Anthony Stoss: Got it. And then just trying to get a little bit more info on the Latin American carrier that you talked about that you expect to go live with your RPD. I mean really attractive for carriers. Where do you stand with kind of interest levels from other international carriers?
Bill Stone: Yes. So the pipeline is really robust and I expect to have some good things to talk about here over the upcoming future because the pipeline is in really good shape right now. We’re in the process of launching with this quarter with some new Latin American operators, which is encouraging to continue to expand our presence down there and then I touched on Xiaomi as well in my comments. And really the point here is rather than just being only relying upon a few operators here in the U.S., we’ve got to go ahead and cast a wider net and get a wider footprint so we’re not relying upon just upgrade cycles here in the U.S. and that’s exactly what we’re doing.
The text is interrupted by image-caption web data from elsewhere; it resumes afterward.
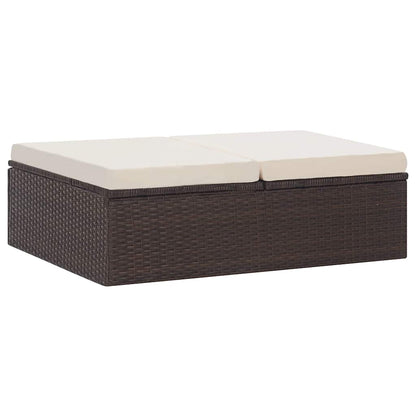 Set Divani da Giardino 2 pz con Cuscini in Polyrattan Marrone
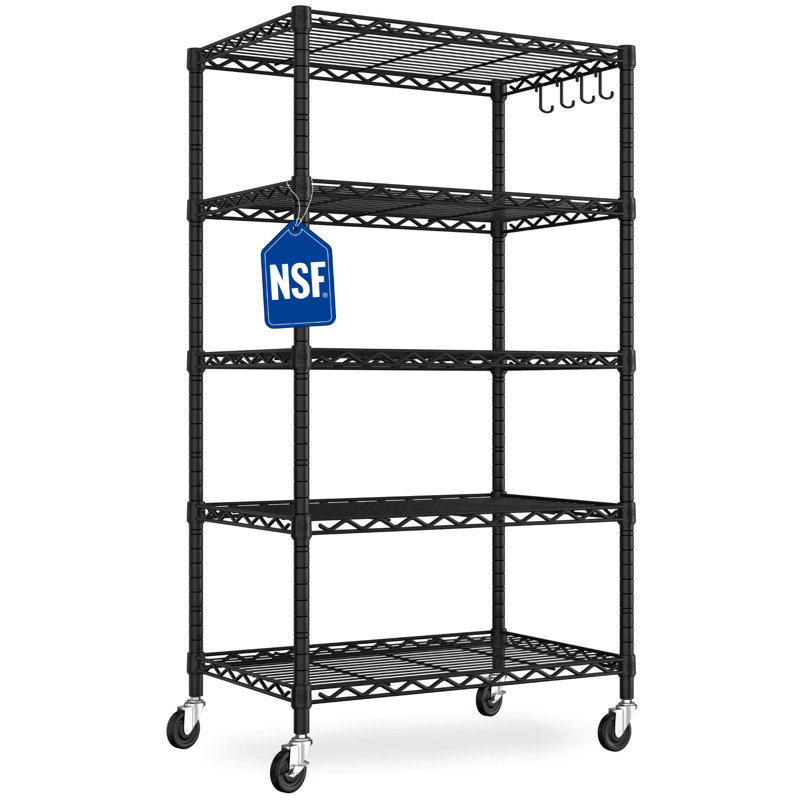  Étagère grillagée robuste à 5 niveaux certifiée NSF - l 24 po x P 18 po x H 72 po réglable à 3 segments avec roues et crochets verrouillables, support de rangement en métal noir pour la cuisine, le garage et le garde-manger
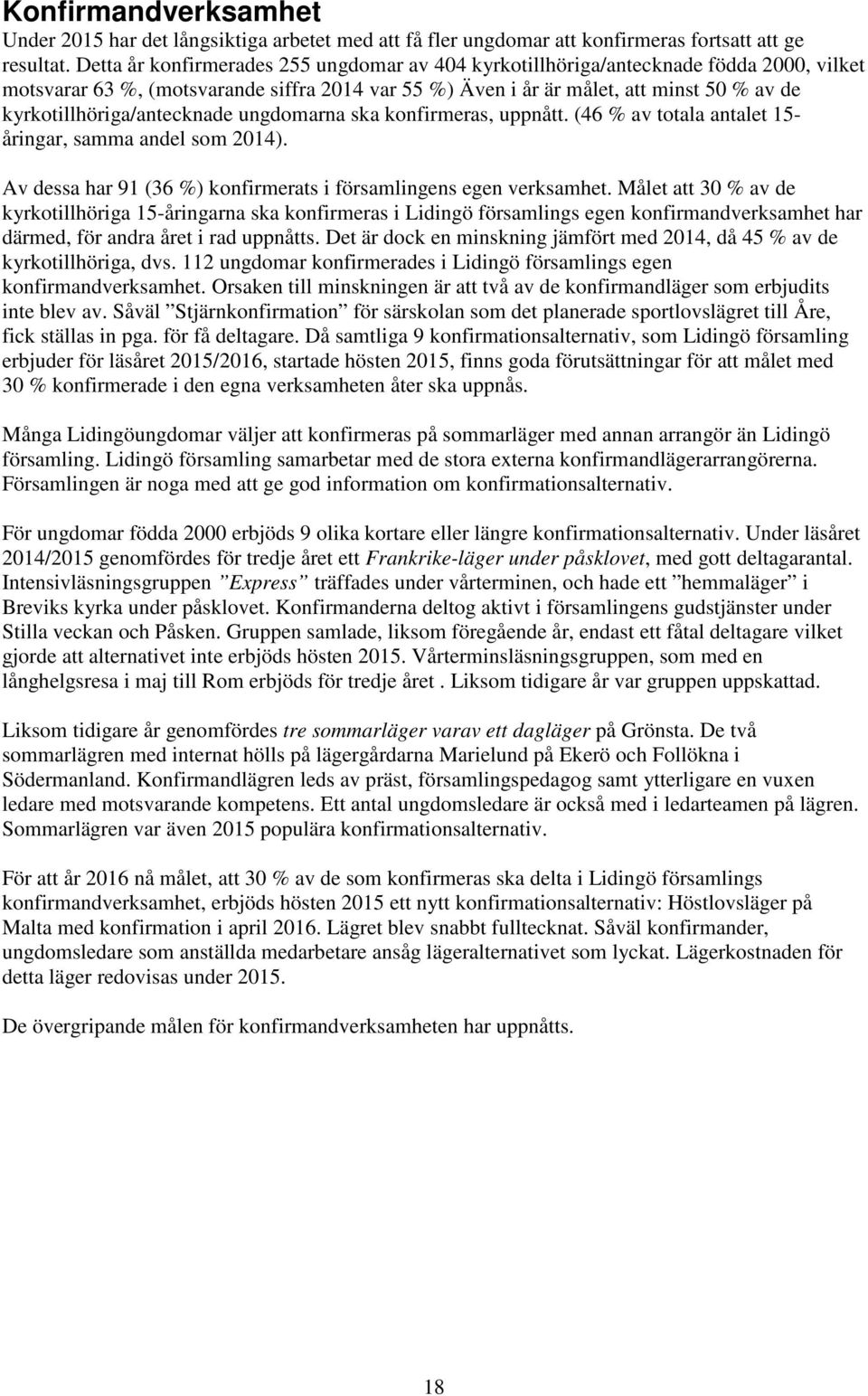 kyrkotillhöriga/antecknade ungdomarna ska konfirmeras, uppnått. (46 % av totala antalet 15- åringar, samma andel som 2014). Av dessa har 91 (36 %) konfirmerats i församlingens egen verksamhet.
Anthony Stoss: Got it. Thanks, Bill. Appreciate it.
Bill Stone: Thanks, Tony.
Operator: Our next question comes from Tim Horan with Oppenheimer. Please go ahead.
Tim Horan: Hi guys, thanks. The last few years, I think your fiscal fourth quarter revenues have been down 10% or so and EBITDA a little bit, any reason it should be different this year?
Barrett Garrison: Yes. I don’t know that it would be much of a different seasonal factor. Tim, one thing we are considering is last December quarter was quite unique and didn’t have quite the holiday seasonal lift that many expected in the ad markets. So, we’ve taken what we think is a pretty prudent approach to how we’re thinking about our December quarter. But I don’t think outside of historical trends a seasonal decline, a normal seasonal decline wouldn’t be odd for Q4 this year.
Tim Horan: Got it. And can you give us a sense of the profitability of the two main lines of business at this point and maybe relative kind of growth rates for ’25? Yes.
Barrett Garrison: Tim was your question around –
Tim Horan: Well, can you give us a sense of, is there much difference in profitability for the two different business units on an EBITDA basis and then and how about growth into 2025, maybe in total for the two units? Yes.
Barrett Garrison: Yes, so let me start with the first one on kind of profitability. I’d say there is a difference on profitability, especially when you think about the margin and we have some details in the Q that you will be able to review which breaks out the profitability. It doesn’t have all the expenses, but just give you a sense of that. But as a reminder, much of our exchange business on our AGP business is reported on a net basis. So you will see the margins are slightly higher. Bottom on an absolute dollar basis they are similar profitability. Of course, there are different products within each of those business units that have different economic and profitability profiles. But typically, I’d say they are similar on an absolute dollar basis, but on a margin basis, our AGP business would be higher.
And then secondly, given the growth profile, we’re not guiding to next year, but you would hear optimism around many of the things, the investments we put in place as well as some of the comps that we’re growing over that would enable and allow us to grow next year.
Tim Horan: Thank you.
Barrett Garrison: Thanks, Tim.
Operator: This concludes our question-and-answer session. I would like to turn the conference back over to Bill Stone for any closing remarks.
Bill Stone: Thanks everyone for joining the call tonight. We’ll look forward to reporting on our progress against all the points made on tonight’s call. We’ll talk to you again in our fiscal 2024 third quarter call in a few months. Thanks, and have a great night.
Operator: The conference has now concluded. Thank you for attending the presentation. You may now disconnect.